For decades, business-to-business (B2B) commerce has relied on a broad array of organizations, such as trading partners and third-party payment and reconciliation facilitators, to complete any given purchase of goods and services. These organizations have been stitched loosely together by postal mail, telephones, computers and email, as depicted in Figure 1.
Figure 1. Illustrative Elements of a Traditional Paper-Based Payments Transaction
Historically, innovations have automated selected components of the above transaction process, but not necessarily allowed for process convergence. For example:
- Distributed walking plastic purchasing cards automate step 3 for buyers and suppliers. However, the related transaction may still rely on completion of the other steps. As a time-saving feature, purchasing cards have been promoted as a way to avoid steps 2 and 4 above—by presenting a card for payment at the outset of step 2 when goods or services are received. Many buying organizations have, therefore, been reluctant to allow purchasing cards for transactions above a few thousand dollars (in other words, transaction limits).

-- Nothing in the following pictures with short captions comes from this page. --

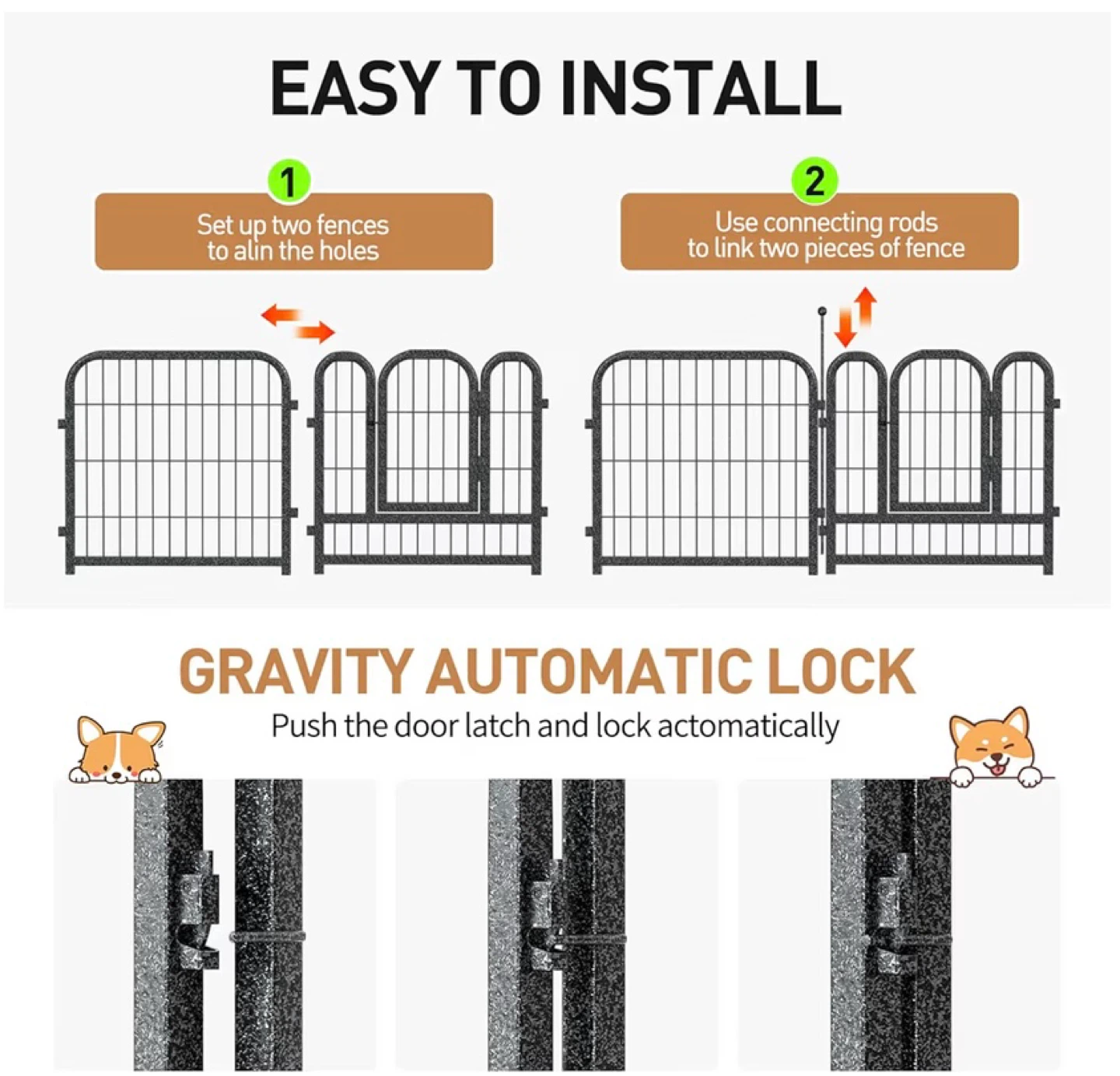 Brand new Black Metal Dog Playpen for Small/Medium Dogs - photo 5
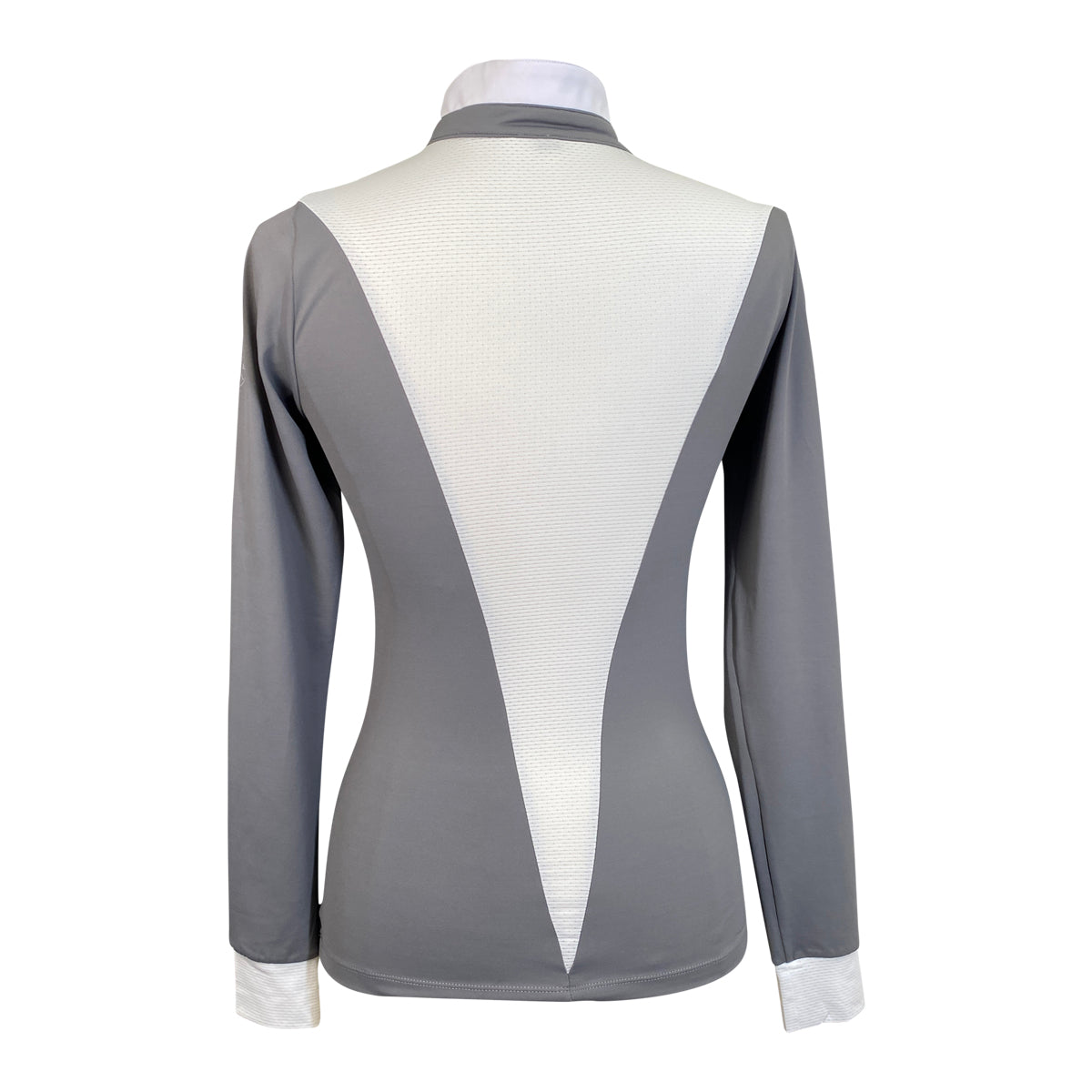 Free Ride Equestrian 'Devon' Long Sleeve Competition Top in Grey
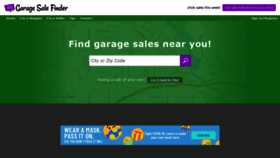 What Garagesalefinder.com website looked like in 2022 (2 years ago)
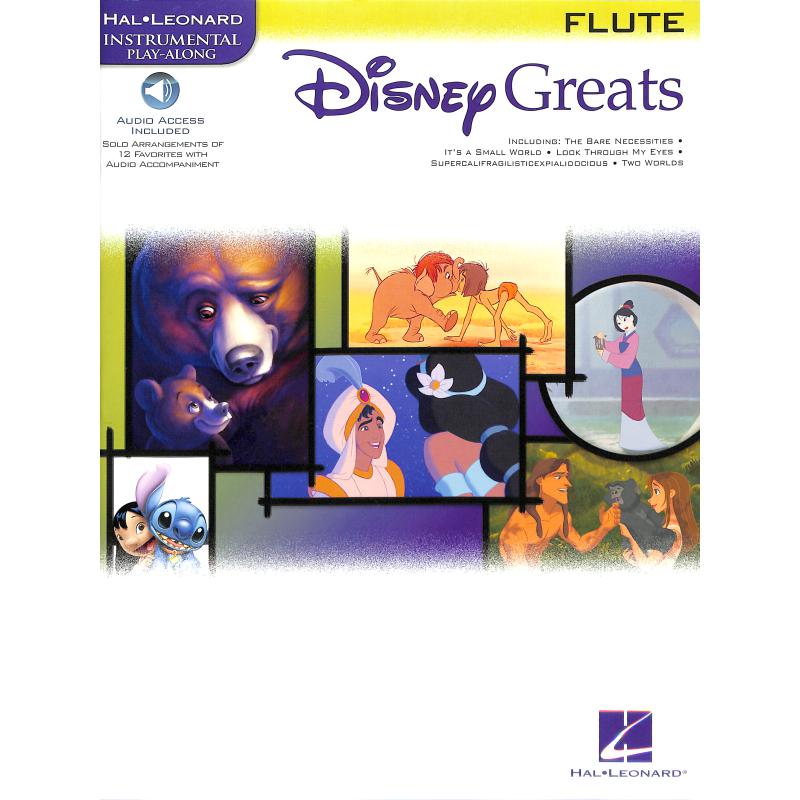 Disney Greats Flute inkl. Audio Download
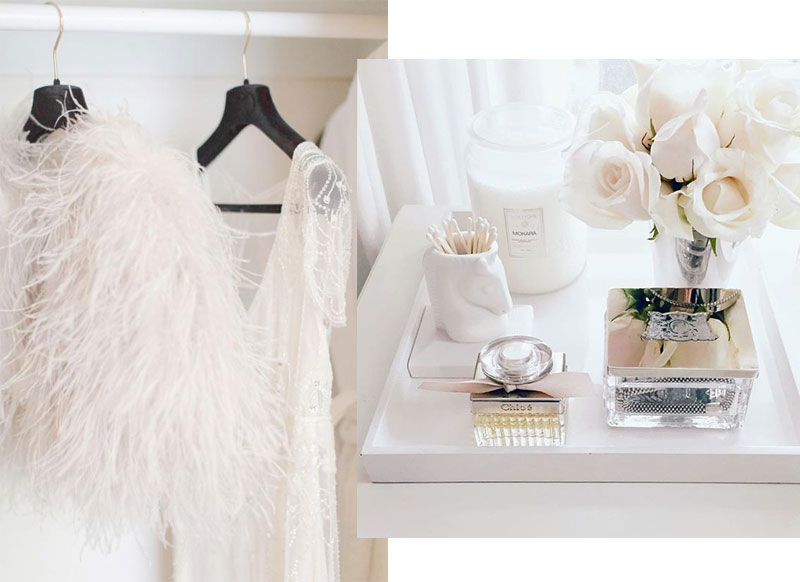 Holiday Inspiration | Decorating with winter whites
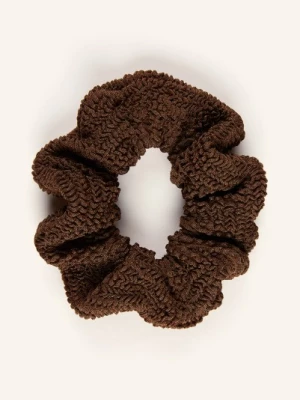 Obrázek produktu Hunza G Gumička Do Vlasů Scrunchie tmavě hnědá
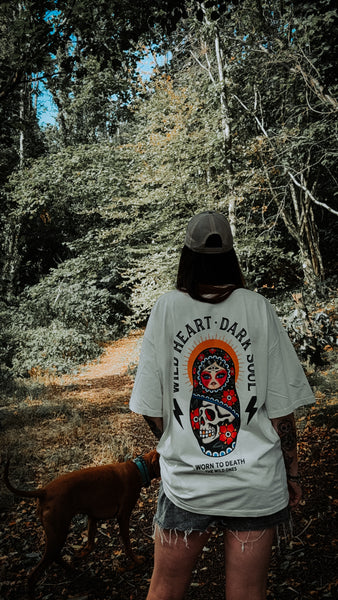 Wild Heart. Dark Soul. Organic Oversized T-Shirt – Cream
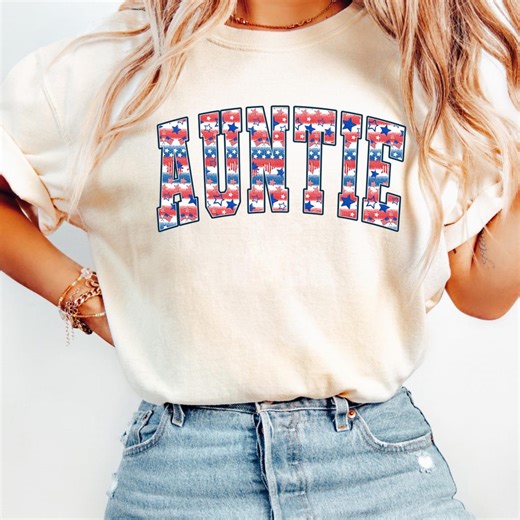 Trendy Aunt USA Shirt Comfort Colors Patriotic Aunt Tee 4th of July Aunt Shirt, American Flag Aunt Gift Cool Aunt Graphic Tee, Women’s Shirt - Etsy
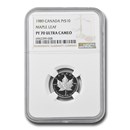 1989 Canada 1/4 oz Platinum Maple Leaf PF-70 NGC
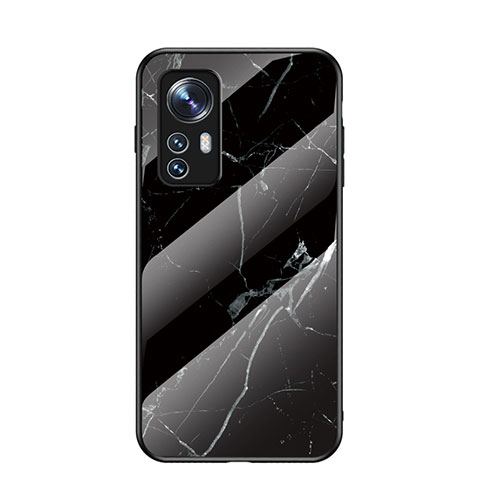Custodia Silicone Specchio Laterale Cover per Xiaomi Mi 12 5G Nero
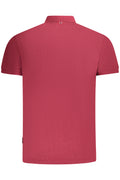 NAPAPIJRI MEN'S SHORT SLEEVE POLO SHIRT RED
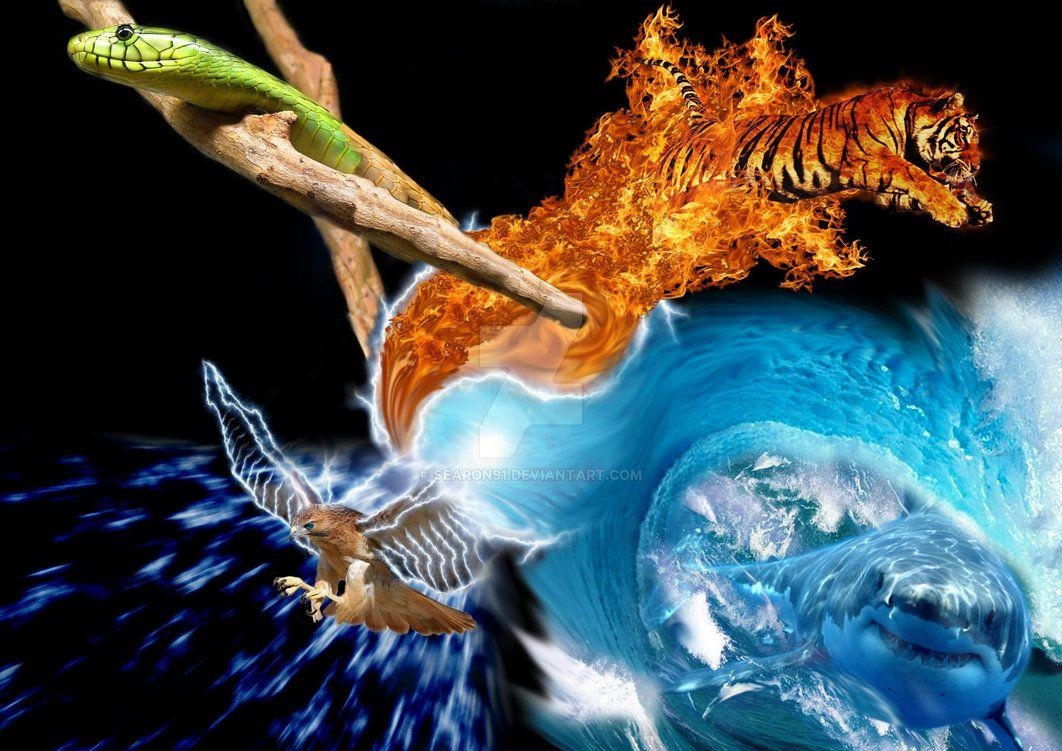 1070x760 The Four Elements, Desktop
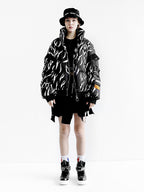 ANIMAL PRINT PUFFER COAT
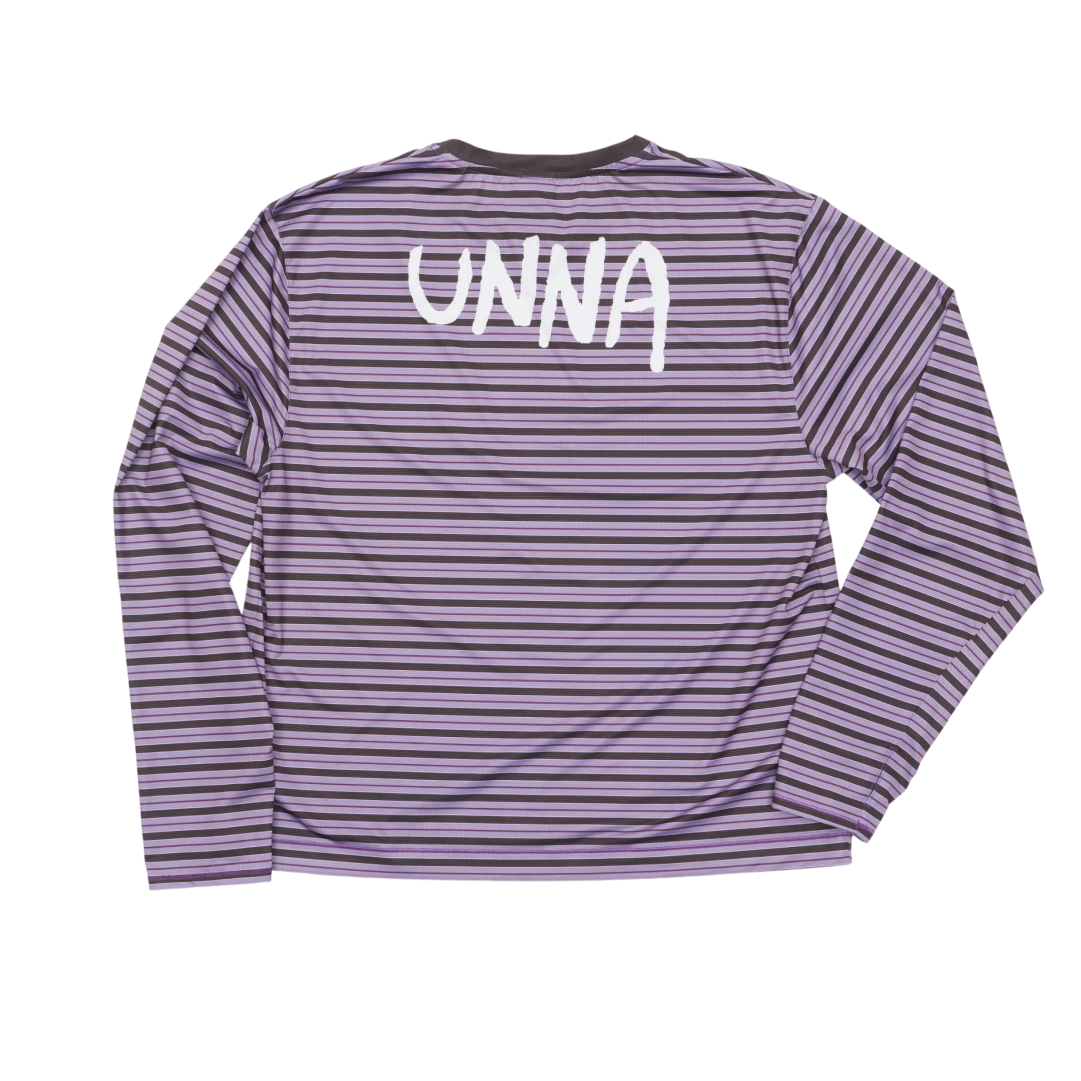 UNNA Striped LS - Grape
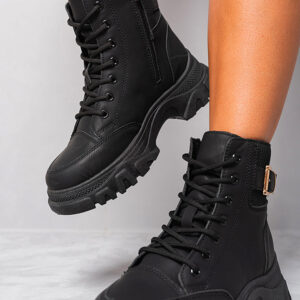 Clarissa Edgy Lace-Up Chunky Platform Ankle Boots – Fearless Fashion Statement!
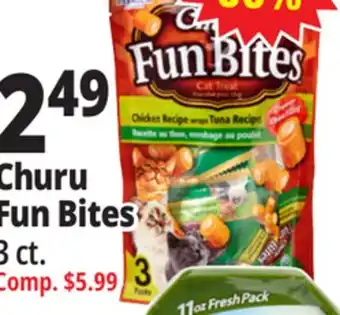Ocean State Job Lot Churu Fun Bites offer
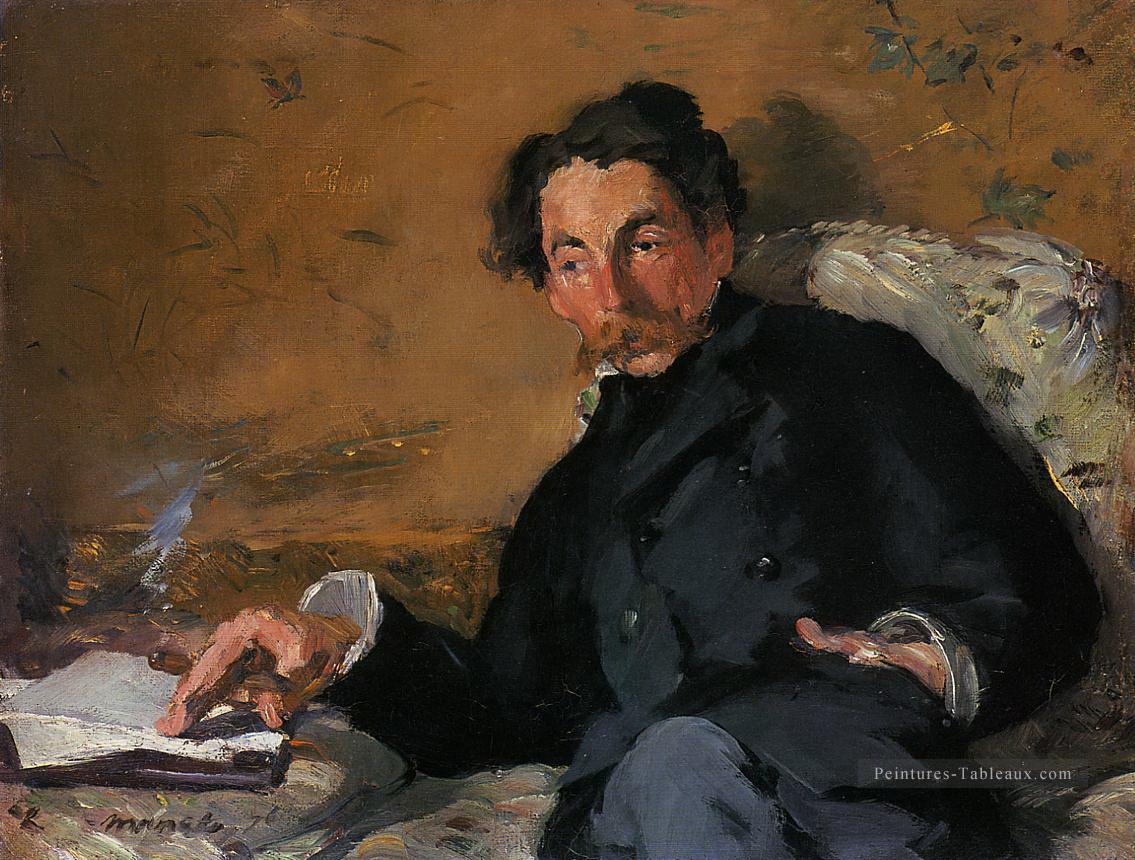 Stéphane Mallarmé Édouard Manet Peintures à l'huile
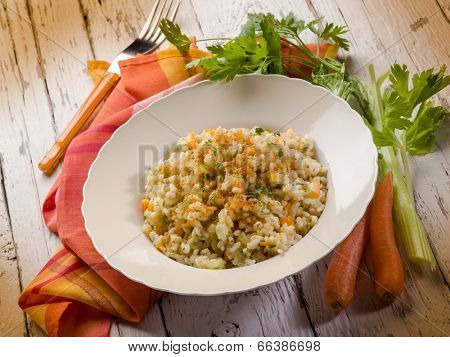 risotto with bottarga ( tuna eggs)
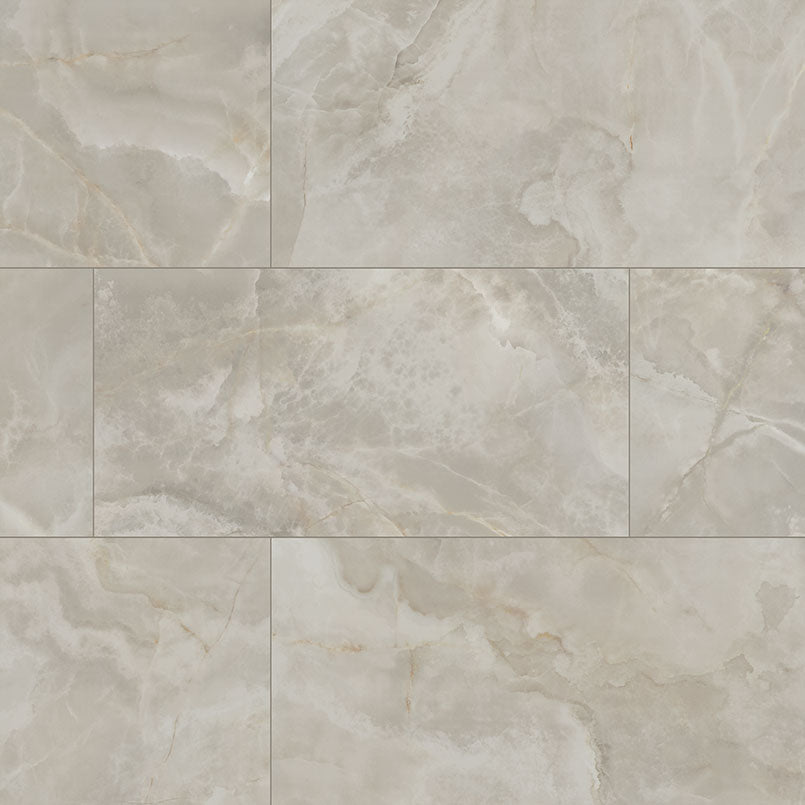 24x48 Alura Solid-Color Polished Smooth Porcelain Tile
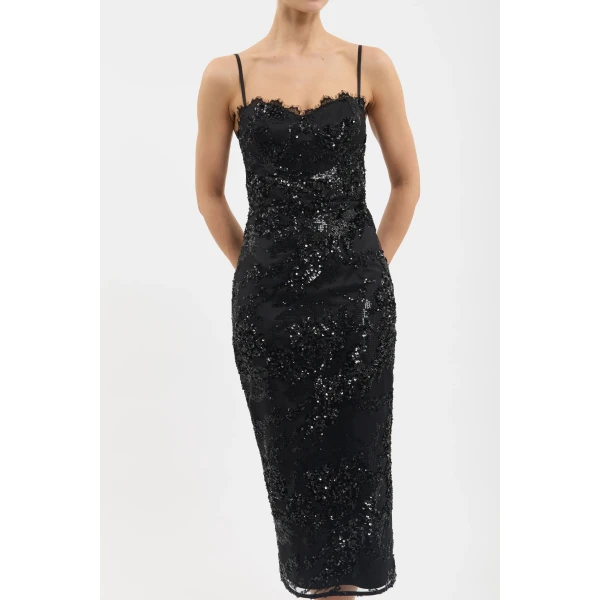 Rebecca Vallance Beau Midi Dress, view 5
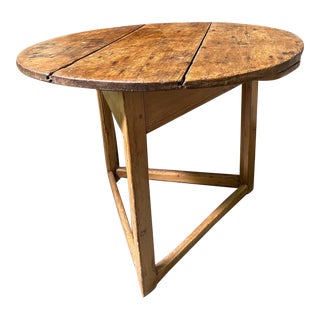 Pine Cricket Console Table For Sale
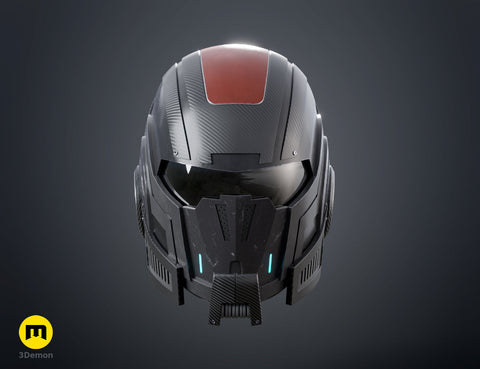 N7 Helmet - Mass Effect STL | 3D Printable Helmet N7 Helmet - Mass Effect STL | 3D Printable Helmet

- ePayables solutions (also known as virtual cards) have progressed further than purchasing cards as providers have supported directly, or through implemented integrations, automation of steps 2 through 5 above. However, the purchasing process has often been decoupled from payments, resulting in what can be a very manual and intensive supplier enablement campaign process. Furthermore, while ePayables integration for buyers can often dramatically reduce process time and cost, ePayables often present a manual payment acceptance process for suppliers—due in part to the proliferation of disparate, non-compatible ePayables solutions.
eCommerce marketplace portals are widely available and have been used many years for business-to-consumer transactions. Consider holiday shopping, for instance. Traditionally, one would go to a local mall or the outlets to find items for gift-giving. In recent years, many consumers have opted instead to complete some or most of their holiday shopping on the web through an eCommerce portal with access to an array of categories of new or used merchandise.
As with so many other aspects of commerce, the consumer experience is leading to greater adoption and efficiencies for buyers and suppliers conducting B2B commerce. Through various eCommerce portal alternatives, connectivity with the requisition process can be improved and all of steps 1 through 5 may be converged and automated. Critical aspects, such as trading terms and forms of payment, may be determined upfront and, thereby, automated for any given transaction. Recent announcements by various eCommerce portals have included features that facilitate buyer and supplier reporting and reconciliations.
Over time, these portals appear to be well-positioned to serve a greater portion of B2B trading activities.